La récente guerre à Gaza, l'échec de l'effort américain pour relancer un dialogue de paix bilatéral et l'hostilité internationale envers ce qui est perçu comme une réticence israélienne à s'engager sérieusement dans un processus de résolution du conflit soulèvent un intérêt soudain pour la vieille initiative. Par ailleurs, les nouvelles menaces régionales, telle que l'émergence de l'Etat islamique, ont créé une nouvelle réalité qui appelle à des alliances régionales.

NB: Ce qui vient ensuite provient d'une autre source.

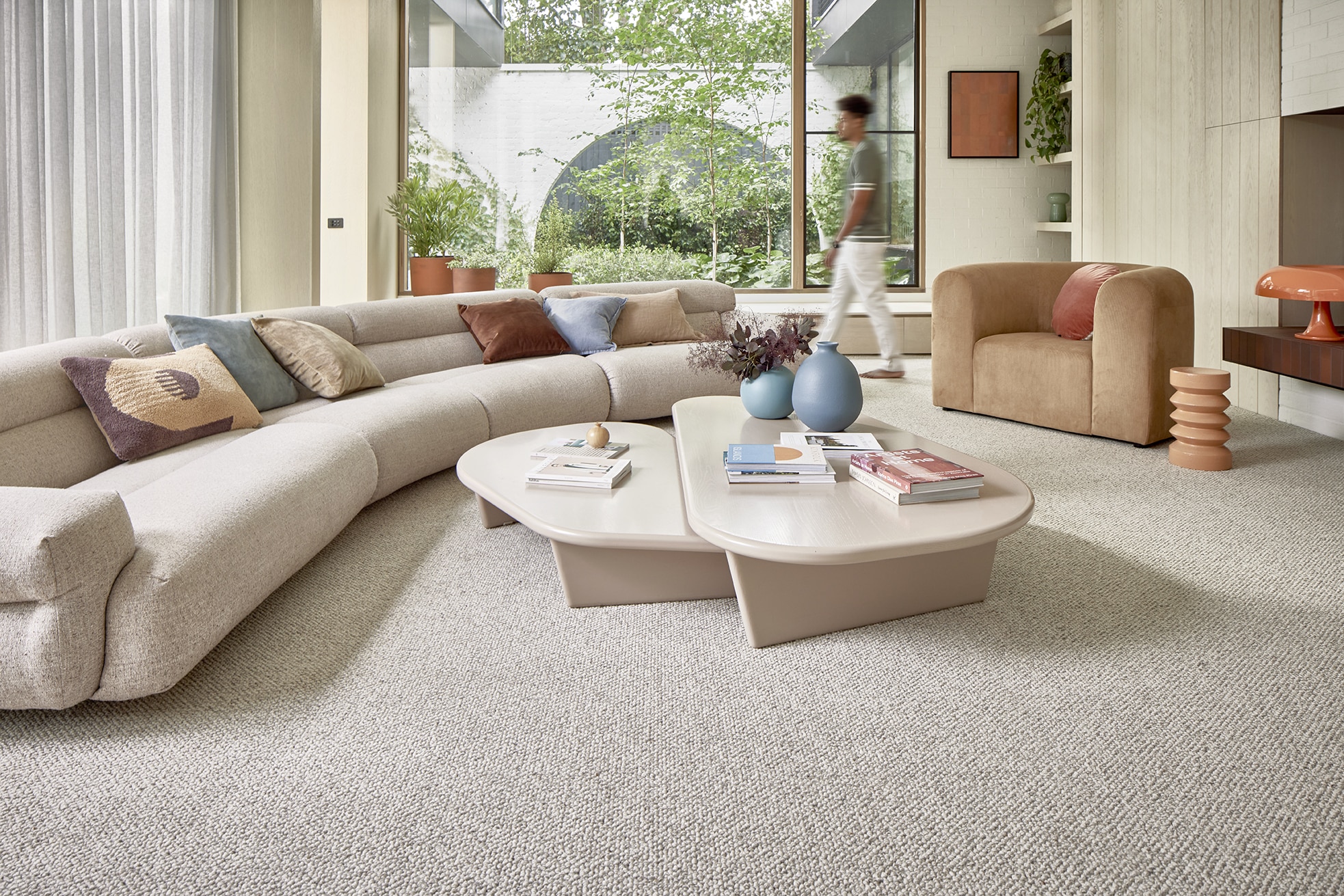 a living room with a large round couch and a man walking on carpet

Pourtant, interrogé sur des mesures concrètes prises dans ce sens, Yuval Rabin déclare: "A ma connaissance, de la part de ceux qui sont actuellement au pouvoir, il n'y en a pas.
C'est pourquoi nous appelons les gens à faire preuve d'initiative et à prendre en charge notre destin. Nous n'appelons pas aux urnes, nous ne préconisons pas de renverser le gouvernement. Nous appelons à une action et une réponse à la fois à gauche et à droite. Malheureusement, la gauche israélienne a renoncé, aussi. La plupart des lamentations sur le soi-disant 'échec' des accords d'Oslo, provient de la gauche".
Certains affirment que l'adoption d'un plan de paix régional signifiera le rejet de l'accord bilatéral d'Oslo, élaboré par son père. Ce qui irrite Yuval Rabin au plus haut point.
"Il n'y avait aucune proposition arabe à cette époque et les principes d'Oslo sont encore la meilleure offre obtenue jusqu'à présent", répond-il.
"Pourtant, l'aile droite a très bien réussi à assimiler, à tort, Oslo avec le terrorisme. Beaucoup de facteurs ont contribué aux attaques terroristes, parmi eux le massacre de 29 fidèles musulmans dans le Caveau des Patriarches par Baruch Goldstein en février 1994. Il est temps d'éliminer la rhétorique assimilant les concessions (d'Israël) avec le terrorisme. Ce sont les risques que nous avons pris, qui se sont avérés bons pour Israël."
Koby Huberman, consultant en stratégie sur le commerce international et co-fondateur de l'Initiative de paix israélienne, met l'accent sur les avantages économiques d'un accord à l'échelle régionale.
"Cette initiative met non seulement un terme au conflit et entraîne la normalisation des relations avec la plupart des pays arabes et musulmans ainsi que des avantages économiques. De nouveaux marchés ainsi que de nouveaux touristes. Et je ne veux certainement pas employer le terme proverbial de "villa dans la jungle" pour qualifier Israël. Je veux parler d'un modèle régional de coexistence commune.
Une économie régionale stable peut garantir la paix".
Lorsque l'Initiative de paix israélienne a été publiée pour la première fois en 2011, Rabin junior et Huberman ont rencontré des centaines de responsables et activistes arabes qui font tout pour maintenir cette proposition en vie.
Récemment, les deux hommes ont reçu le message suivant d'un intellectuel arabe de premier plan:
"Je suis tellement heureux que vous organisiez ce rassemblement", écrit-il. "C'est comme si vous déposiez un bouquet de roses sur la tombe d’Yitzhak Rabin tout en nous donnant un peu de force en même temps."